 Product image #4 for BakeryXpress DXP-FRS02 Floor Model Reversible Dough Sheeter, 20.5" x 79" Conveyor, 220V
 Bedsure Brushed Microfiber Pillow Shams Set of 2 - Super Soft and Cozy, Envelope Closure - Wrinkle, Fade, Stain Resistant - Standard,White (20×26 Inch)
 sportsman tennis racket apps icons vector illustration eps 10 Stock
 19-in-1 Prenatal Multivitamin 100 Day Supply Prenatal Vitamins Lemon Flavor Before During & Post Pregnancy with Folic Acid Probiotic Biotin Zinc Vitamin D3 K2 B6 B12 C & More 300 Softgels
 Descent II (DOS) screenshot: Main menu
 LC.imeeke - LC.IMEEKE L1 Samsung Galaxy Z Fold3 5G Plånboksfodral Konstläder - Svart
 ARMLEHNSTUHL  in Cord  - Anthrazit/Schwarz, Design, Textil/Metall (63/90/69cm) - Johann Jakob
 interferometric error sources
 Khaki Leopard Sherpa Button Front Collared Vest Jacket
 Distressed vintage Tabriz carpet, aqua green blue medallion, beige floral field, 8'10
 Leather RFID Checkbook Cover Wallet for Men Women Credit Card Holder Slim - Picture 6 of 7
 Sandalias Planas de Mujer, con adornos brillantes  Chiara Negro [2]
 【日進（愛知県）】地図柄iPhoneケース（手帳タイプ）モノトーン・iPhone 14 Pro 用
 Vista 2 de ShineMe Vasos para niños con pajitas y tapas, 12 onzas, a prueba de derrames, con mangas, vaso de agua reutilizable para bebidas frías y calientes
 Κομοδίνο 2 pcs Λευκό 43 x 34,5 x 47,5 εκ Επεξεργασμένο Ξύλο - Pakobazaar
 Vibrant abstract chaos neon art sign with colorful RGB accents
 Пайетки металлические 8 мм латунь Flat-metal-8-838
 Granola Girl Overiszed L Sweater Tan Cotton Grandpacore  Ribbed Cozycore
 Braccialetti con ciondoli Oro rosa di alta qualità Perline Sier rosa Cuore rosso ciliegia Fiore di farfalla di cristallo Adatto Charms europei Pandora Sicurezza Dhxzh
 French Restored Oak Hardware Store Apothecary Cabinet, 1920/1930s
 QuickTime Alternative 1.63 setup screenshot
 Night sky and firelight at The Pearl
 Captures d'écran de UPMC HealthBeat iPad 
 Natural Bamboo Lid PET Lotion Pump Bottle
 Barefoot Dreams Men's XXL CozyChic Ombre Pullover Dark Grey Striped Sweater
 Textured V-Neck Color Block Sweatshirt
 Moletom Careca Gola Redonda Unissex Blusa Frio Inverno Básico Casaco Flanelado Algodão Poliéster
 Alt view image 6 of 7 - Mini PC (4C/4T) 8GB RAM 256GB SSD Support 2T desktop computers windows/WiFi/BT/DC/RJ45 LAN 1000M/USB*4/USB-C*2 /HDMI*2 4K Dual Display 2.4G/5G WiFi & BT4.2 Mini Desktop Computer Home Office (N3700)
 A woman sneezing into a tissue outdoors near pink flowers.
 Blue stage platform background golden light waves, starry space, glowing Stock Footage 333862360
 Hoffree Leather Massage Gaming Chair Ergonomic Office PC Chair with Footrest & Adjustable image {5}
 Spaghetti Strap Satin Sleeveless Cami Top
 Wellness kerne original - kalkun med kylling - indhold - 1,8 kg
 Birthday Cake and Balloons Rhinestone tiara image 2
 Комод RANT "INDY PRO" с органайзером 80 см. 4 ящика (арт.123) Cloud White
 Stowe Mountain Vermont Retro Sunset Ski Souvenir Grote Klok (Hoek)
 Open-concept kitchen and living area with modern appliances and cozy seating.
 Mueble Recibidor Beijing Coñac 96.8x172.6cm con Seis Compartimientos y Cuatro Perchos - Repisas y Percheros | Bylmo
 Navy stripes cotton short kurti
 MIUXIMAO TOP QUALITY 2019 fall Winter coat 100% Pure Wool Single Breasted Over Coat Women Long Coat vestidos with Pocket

##############################

Could you set down, exactly as written, the lines above between the one holding "interferometric error sources" and the one holding "Braccialetti con ciondoli", inclusive, and nothing more?

 interferometric error sources
 Khaki Leopard Sherpa Button Front Collared Vest Jacket
 Distressed vintage Tabriz carpet, aqua green blue medallion, beige floral field, 8'10
 Leather RFID Checkbook Cover Wallet for Men Women Credit Card Holder Slim - Picture 6 of 7
 Sandalias Planas de Mujer, con adornos brillantes  Chiara Negro [2]
 【日進（愛知県）】地図柄iPhoneケース（手帳タイプ）モノトーン・iPhone 14 Pro 用
 Vista 2 de ShineMe Vasos para niños con pajitas y tapas, 12 onzas, a prueba de derrames, con mangas, vaso de agua reutilizable para bebidas frías y calientes
 Κομοδίνο 2 pcs Λευκό 43 x 34,5 x 47,5 εκ Επεξεργασμένο Ξύλο - Pakobazaar
 Vibrant abstract chaos neon art sign with colorful RGB accents
 Пайетки металлические 8 мм латунь Flat-metal-8-838
 Granola Girl Overiszed L Sweater Tan Cotton Grandpacore  Ribbed Cozycore
 Braccialetti con ciondoli Oro rosa di alta qualità Perline Sier rosa Cuore rosso ciliegia Fiore di farfalla di cristallo Adatto Charms europei Pandora Sicurezza Dhxzh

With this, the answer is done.